Pacific Gas & Energy Bankruptcy

A major California utility company is blaming climate change for going bankrupt

In this Nov. 9, 2018 file photo, a firefighter sprays water as flames from the Camp Fire consume a home in Magalia, Calif. (Noah Berger/Associated Press)

Pacific Gas & Energy could be the first company to file for bankruptcy due to climate change.

The utility provides services to northern California, and their equipment has been blamed for sparking the deadly Camp Fire that devastated the state in 2018.
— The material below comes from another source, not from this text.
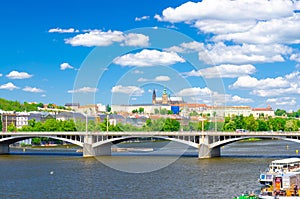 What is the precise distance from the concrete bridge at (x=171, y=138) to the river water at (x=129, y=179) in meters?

“[PG&E] say that these fires in California are getting more destructive. They’re getting they’re getting worse. They’re getting deadlier and that’s the reality of climate change,” said Courtenay Brown, a journalist for news website Axios who reported on the company.

The company announced their decision to file for Chapter 11 bankruptcy last Monday. Analysts estimate they could face up to $30 billion US in liabilities as a result of the blazes.

On Thursday, the state agency responsible for fire protection, Cal Fire, cleared PG&E for the deadly 2017 Tubbs fire in California, but the company’s culpability in in the 2018 Camp Fire has yet to be determined.

“They reported that one of their power lines was having a disruption 15 minutes before fire investigators say the Camp Fire started, so that doesn’t bode too well for them,” Brown said.

In a separate investigation, state officials found the company’s equipment was responsible for at least 17 of 21 major fires in the region in 2017.

Companies brace for change

While PG&E is among the earliest companies to blame climate change for its downfall, Brown says other businesses will not be immune to the future costs of extreme weather.

In fact, other major U.S. companies are already feeling that economic pressure. In a report from the Carbon Disclosure Project this week, Apple said that climate change has already affected their infrastructure systems, operations, and human resources, noting that some of its workers were forced to relocate when their homes were destroyed by Hurricane Harvey.

“I think you’re you’re going to start seeing Wall Street and corporations and institutional investors be more aggressive about how climate change could potentially impact their own companies,” Brown said.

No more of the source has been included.